Ever since consumers became more health conscious, investors have lost their faith in most of the tobacco companies. With people abandoning their smoking habits, sales volumes for traditional cigarettes have been constantly dropping. As a result, Lorillard Tobacco (NYSE:LO), Philip Morris International (NYSE:PM), and Reynolds American (NYSE:RAI) are increasing their prices to make up for the volume declines.
In the first quarter, Lorillard's earnings grew 4.5% year-over-year to $0.69 per share on the back of strong revenue in the traditional cigarettes segment and the impact of share buybacks. During the quarter, the company repurchased 3.2 million shares at a cost of $158 million.
Traditional cigarettes' net sales increased 1.4% to $1.541 billion as higher prices offset lower sales volume. Adjusted gross profit rose 4.2%, which in turn increased adjusted operating income by 4.9%.

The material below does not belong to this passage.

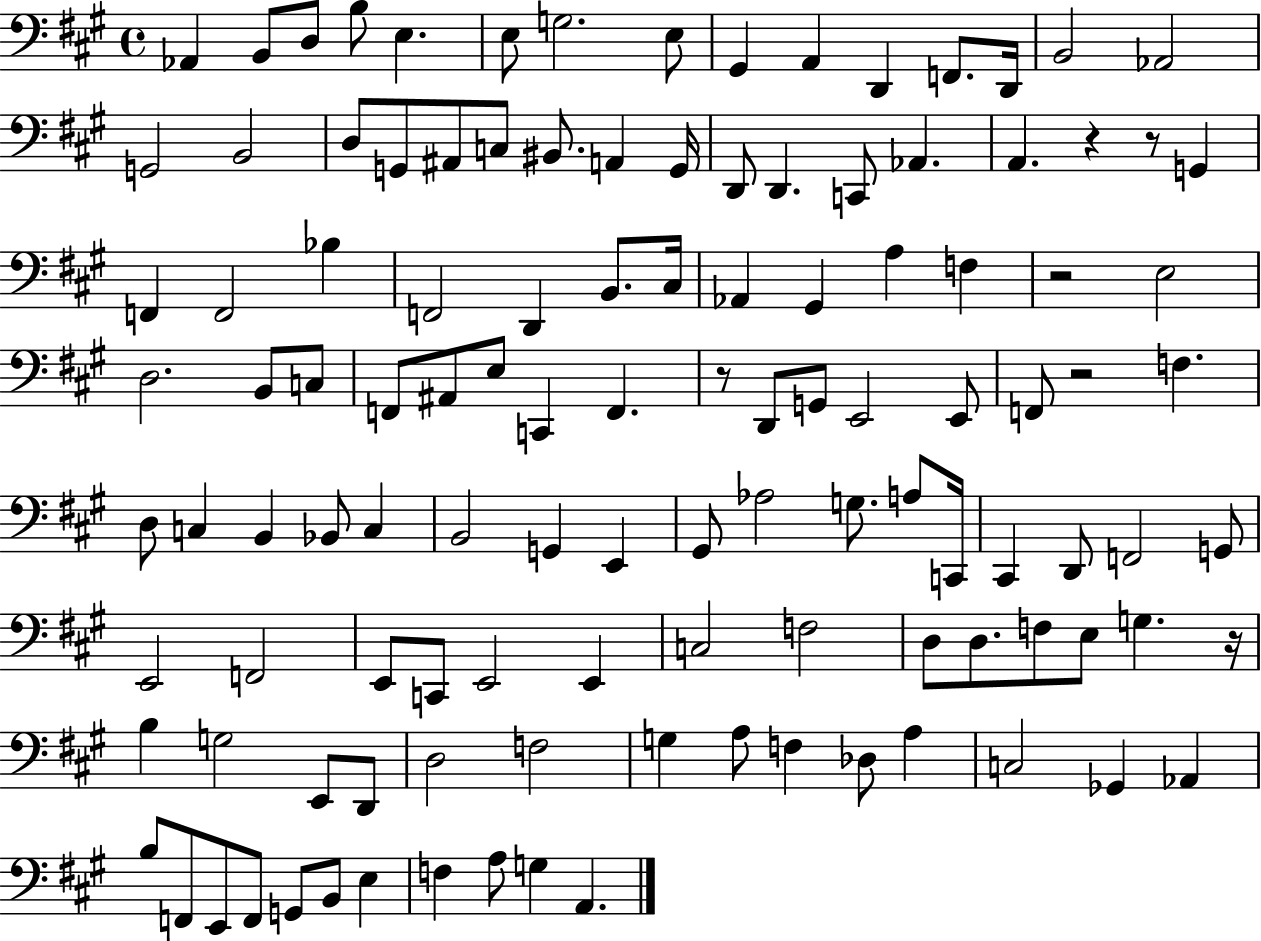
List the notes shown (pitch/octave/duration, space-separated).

Ab2/q B2/e D3/e B3/e E3/q. E3/e G3/h. E3/e G#2/q A2/q D2/q F2/e. D2/s B2/h Ab2/h G2/h B2/h D3/e G2/e A#2/e C3/e BIS2/e. A2/q G2/s D2/e D2/q. C2/e Ab2/q. A2/q. R/q R/e G2/q F2/q F2/h Bb3/q F2/h D2/q B2/e. C#3/s Ab2/q G#2/q A3/q F3/q R/h E3/h D3/h. B2/e C3/e F2/e A#2/e E3/e C2/q F2/q. R/e D2/e G2/e E2/h E2/e F2/e R/h F3/q. D3/e C3/q B2/q Bb2/e C3/q B2/h G2/q E2/q G#2/e Ab3/h G3/e. A3/e C2/s C#2/q D2/e F2/h G2/e E2/h F2/h E2/e C2/e E2/h E2/q C3/h F3/h D3/e D3/e. F3/e E3/e G3/q. R/s B3/q G3/h E2/e D2/e D3/h F3/h G3/q A3/e F3/q Db3/e A3/q C3/h Gb2/q Ab2/q B3/e F2/e E2/e F2/e G2/e B2/e E3/q F3/q A3/e G3/q A2/q.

As the company reduced its prices for rechargeable kits, net sales for e-cigarettes declined 4% to $49 million. Adjusted operating loss for the segment was $5 million due to the impact of advertising costs in the U.S. and rebranding expenses in the U.K.
What's in store for the future?
As health-conscious people continue to quit smoking, most of the cigarette companies are increasing their prices to offset the volume declines. Though this strategy is paying off in the short term, it isn't a long-term solution for the declining tobacco industry. In other words, the catalyst for Lorillard's growth in the coming years will be its e-cigarettes.
Lorillard's e-cigarette brand for the U.S. market, blu, is doing a great job; its share in the country rose to 45% in the recent quarter, according to Nielsen. Moreover, the company's acquisition of SKYCIG will ensure that it makes further inroads in the UK's e-cigarette market as well. On the whole, Lorillard's long-term future in e-cigarettes looks quite secure.
Lorillard expects its blu category in the U.S. to keep operating at a break-even level in the short-term. The reason behind this is its decision to lower prices on rechargeable kits to attract more customers. As the company is rebranding its product from SKYCIG to blu in the U.K., it expects to incur more marketing and launch costs this year. The net operating impact of these investments over the next six to nine months could be around $10 to $20 million. In short, the company won't be making any substantial profit from the e-cigarettes category in the next few quarters.
Of all these tobacco giants, Philip Morris is the only company which hasn't provided any return in the last year. When we compare Lorillard to Reynolds, we see that Lorillard's share price has appreciated a lot more than that of Reynolds. It's also cheaper than Reynolds, which is evident from its lower forward price to earnings (one-year) ratio. Lorillard's high cash per share shows that the company can keep yielding healthy dividends in the future, plus, it can easily repurchase shares to boost its share price.
Philip Morris and Reynolds American
Philip Morris once again posted disappointing results as its earnings dropped by 8% in the recent quarter. Revenue in the European region improved slightly due to higher pricing; however, sales for Asia and Canada declined significantly.
Growing health concerns about cigarettes aren't going anywhere, which is a worrying sign for the company. The National Health Insurance Service, or NHIS, South Korea's state health insurer, has recently said that it will be suing Philip Morris, British American Tobacco, and local market leader KT&G in a South Korean court. NHIS is seeking $51.9 million from these three tobacco giants to offset treatment costs for smoking-linked diseases. NHIS says it spends around $1.6 billion every year to treat smoking-related diseases.
Compared to the last year, Reynolds American's first quarter adjusted earnings remained flat at $0.72 per share. Just like its peers, its sales volume declined, though its Camel and Pall Mall brands did a better job.
In order to meet the changing preferences of consumers, the company plans to invest heavily in smokeless and moist snuff products. Apart from this, it expects a lot from its e-cigarette brand, VUSE, which will begin nationwide distribution in fiscal 2014.
Like all tobacco companies, Lorillard's sales volume has taken a hit as a result of growing numbers of health-conscious consumers. This is why the company is raising its prices to offset the volume decline. However, this strategy isn't sustainable over the long run because it can't hike prices on a regular basis.
On the other hand, Lorillard's e-cigarette brand, blu, has been doing a great job over the last few months, which is why the company is investing a lot in it. Once the company gets a hold in the U.K. e-cigarette market, its e-cigarettes will become the major driving force behind its revenue. This in turn means that it won't to have to raise prices for traditional cigarettes in the future. On the whole, Lorillard's future looks brighter than those of most of the tobacco companies, which makes it a good long-term buy.